Instructions for the task:
Take each line in the entries below that holds "Photo" and show it.
------ Data under study ------
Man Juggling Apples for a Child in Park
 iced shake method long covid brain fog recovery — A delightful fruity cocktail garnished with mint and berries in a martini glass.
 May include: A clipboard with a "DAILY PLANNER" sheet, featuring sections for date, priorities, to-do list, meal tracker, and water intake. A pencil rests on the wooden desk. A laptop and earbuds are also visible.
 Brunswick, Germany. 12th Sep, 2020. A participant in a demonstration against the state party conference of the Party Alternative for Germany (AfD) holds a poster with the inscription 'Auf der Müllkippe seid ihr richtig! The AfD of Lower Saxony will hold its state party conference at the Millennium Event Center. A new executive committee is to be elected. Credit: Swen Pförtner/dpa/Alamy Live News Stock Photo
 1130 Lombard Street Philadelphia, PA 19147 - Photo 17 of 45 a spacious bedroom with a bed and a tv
------
Solution to this task:
 Brunswick, Germany. 12th Sep, 2020. A participant in a demonstration against the state party conference of the Party Alternative for Germany (AfD) holds a poster with the inscription 'Auf der Müllkippe seid ihr richtig! The AfD of Lower Saxony will hold its state party conference at the Millennium Event Center. A new executive committee is to be elected. Credit: Swen Pförtner/dpa/Alamy Live News Stock Photo
 1130 Lombard Street Philadelphia, PA 19147 - Photo 17 of 45 a spacious bedroom with a bed and a tv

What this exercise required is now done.